═════ Information given ═════

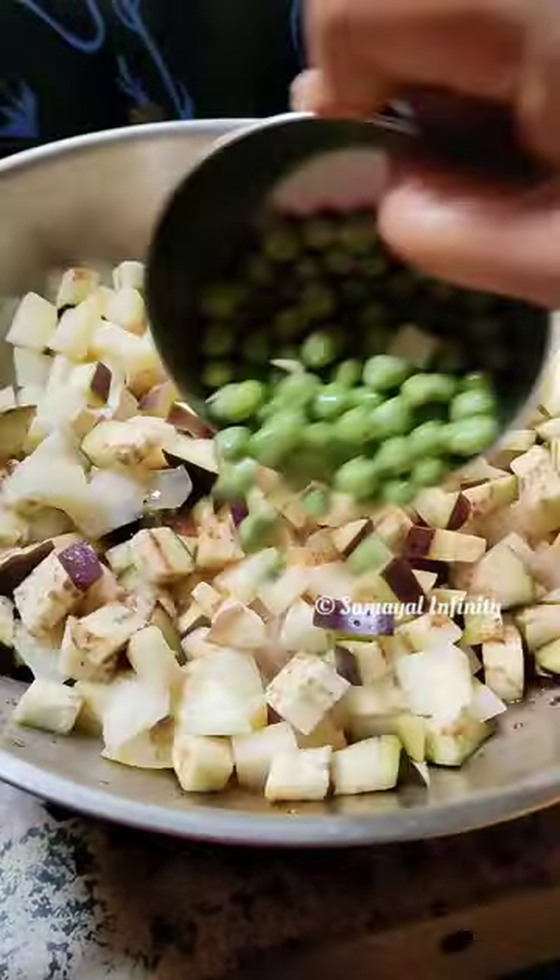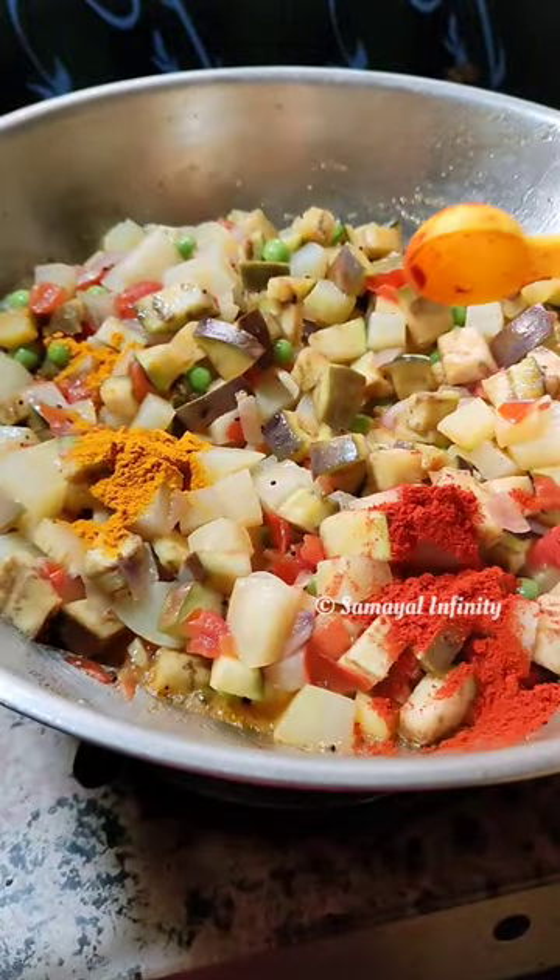Take vegetables, put it in. Little chili powder, little balli powder, little curry masala powder, little loop. Close in — curry ready, go.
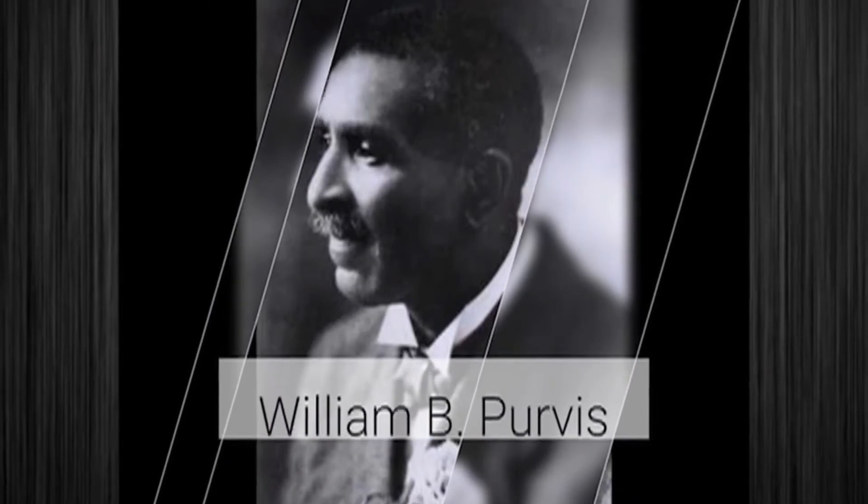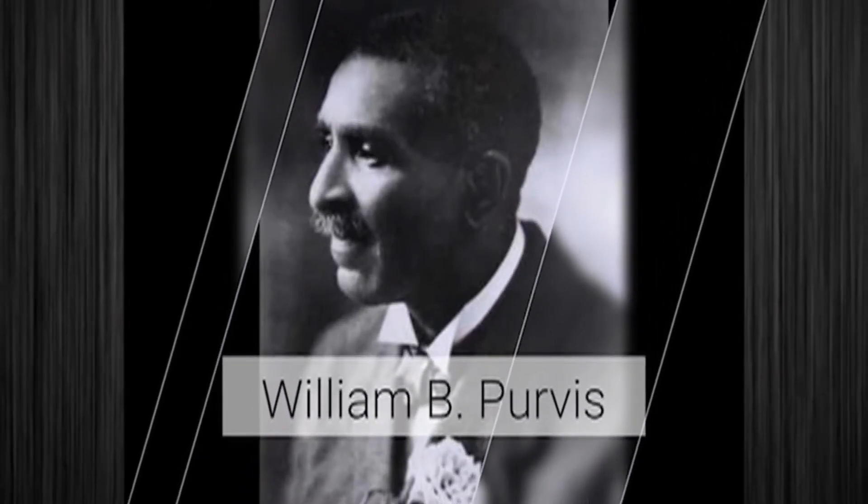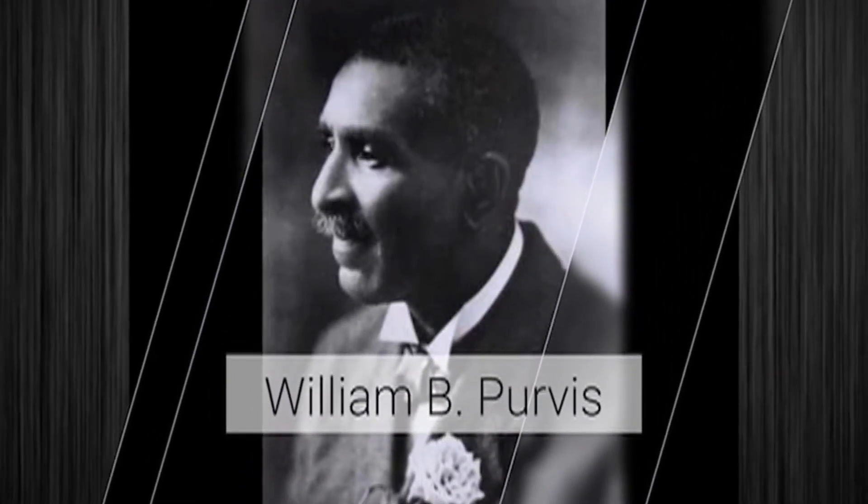William B. Purvis was a black inventor and businessman who received multiple patents in the late 1800s. His inventions included an updated fountain pen design, improvement to the hand stamp, and a closed conduit electric railway system.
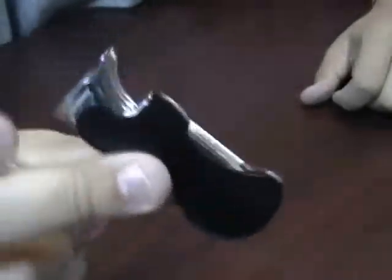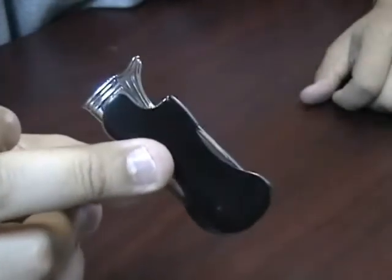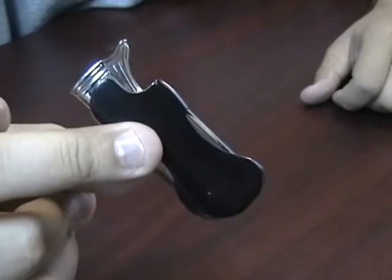It's got a nice light weight to it. Feels good in your hands. Holds quite a bit of fuel. This is the Curve Single Flame Torch Lighter.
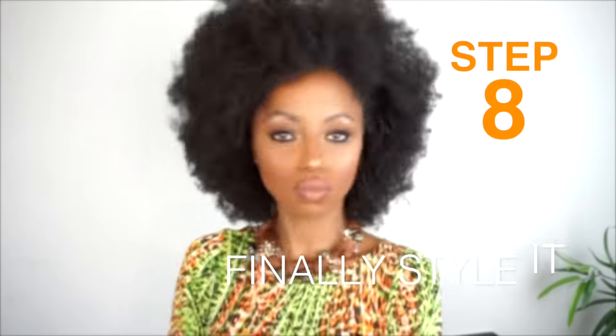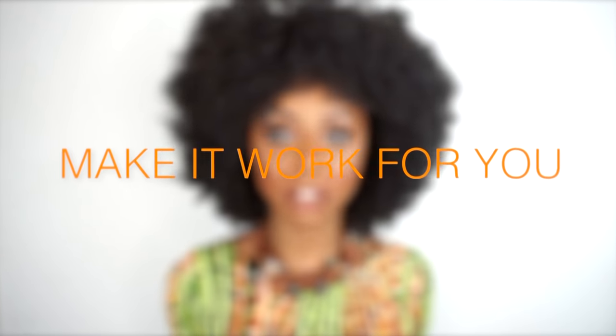Now that my wig has been customized, I can go in and style it any way I like — wear it in this fro state, do an updo, side twist, whatever fits my personal style or mood. I'm rocking my wig with confidence because I customized it to fit my personal style. Once I've mastered my basic everyday look, I can play around with different colors and options. This wig definitely works for me, compliments my style — I feel 280. I can strut my stuff out in public and no one would know this is a wig.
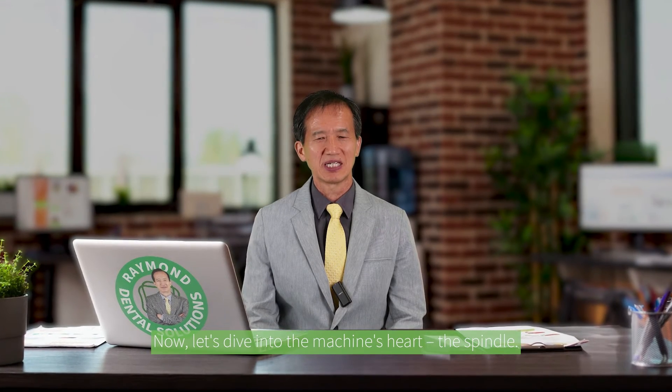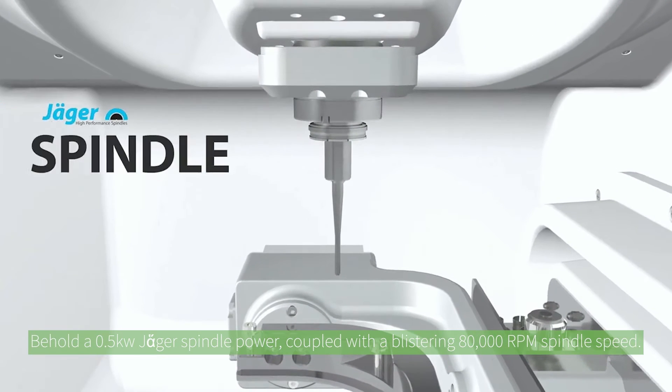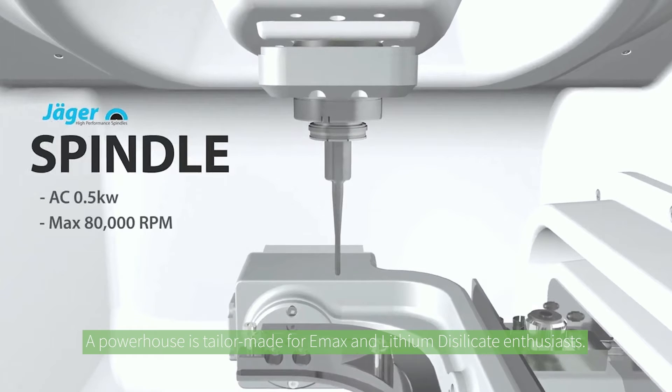Now let's dive into the machine's heart: the spindle. Behold a 0.5 kilowatt Yager spindle power, coupled with a blistering 80,000 RPM spindle speed — a powerhouse tailor-made for e.max and lithium disilicate enthusiasts.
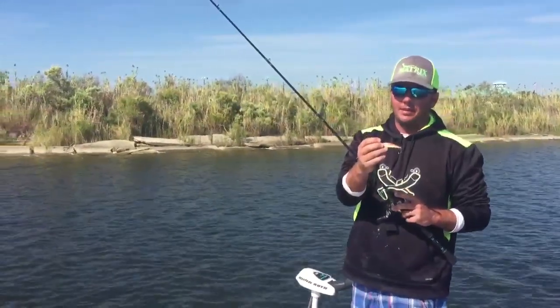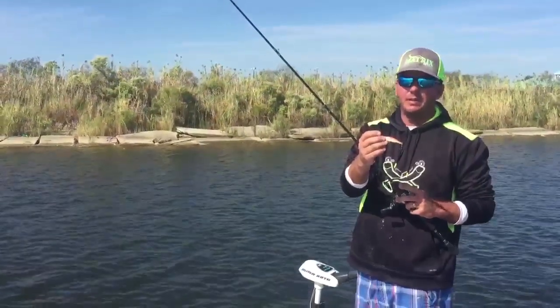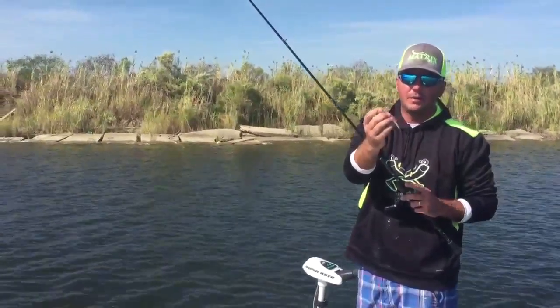Here's a quick tip on a technique we've been using to catch fish around the Lake Pontchartrain Basin. We're finding shorelines that are holding a lot of grass and we're throwing jerkbaits over them. That's our new Matrix Minnow coming out soon.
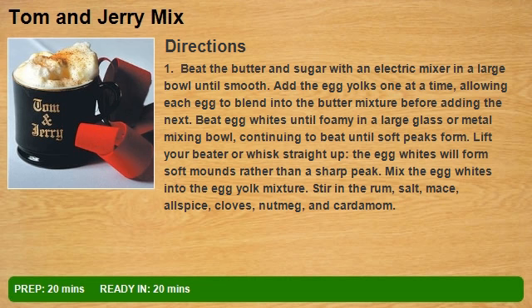Beat egg whites until foamy in a large glass or metal mixing bowl, continuing to beat until soft peaks form. Lift your beater or whisk straight up — the egg whites will form soft mounds rather than a sharp peak. Mix the egg whites into the egg yolk mixture.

═════

**Problem requirements**
The answer must be an exact copy of the entries, with the pictures omitted.

**Solution for this exercise**
Take vegetables, put it in. Little chili powder, little balli powder, little curry masala powder, little loop. Close in — curry ready, go.
William B. Purvis was a black inventor and businessman who received multiple patents in the late 1800s. His inventions included an updated fountain pen design, improvement to the hand stamp, and a closed conduit electric railway system.
It's got a nice light weight to it. Feels good in your hands. Holds quite a bit of fuel. This is the Curve Single Flame Torch Lighter.
Now that my wig has been customized, I can go in and style it any way I like — wear it in this fro state, do an updo, side twist, whatever fits my personal style or mood. I'm rocking my wig with confidence because I customized it to fit my personal style. Once I've mastered my basic everyday look, I can play around with different colors and options. This wig definitely works for me, compliments my style — I feel 280. I can strut my stuff out in public and no one would know this is a wig.
Now let's dive into the machine's heart: the spindle. Behold a 0.5 kilowatt Yager spindle power, coupled with a blistering 80,000 RPM spindle speed — a powerhouse tailor-made for e.max and lithium disilicate enthusiasts.
Here's a quick tip on a technique we've been using to catch fish around the Lake Pontchartrain Basin. We're finding shorelines that are holding a lot of grass and we're throwing jerkbaits over them. That's our new Matrix Minnow coming out soon.
Beat egg whites until foamy in a large glass or metal mixing bowl, continuing to beat until soft peaks form. Lift your beater or whisk straight up — the egg whites will form soft mounds rather than a sharp peak. Mix the egg whites into the egg yolk mixture.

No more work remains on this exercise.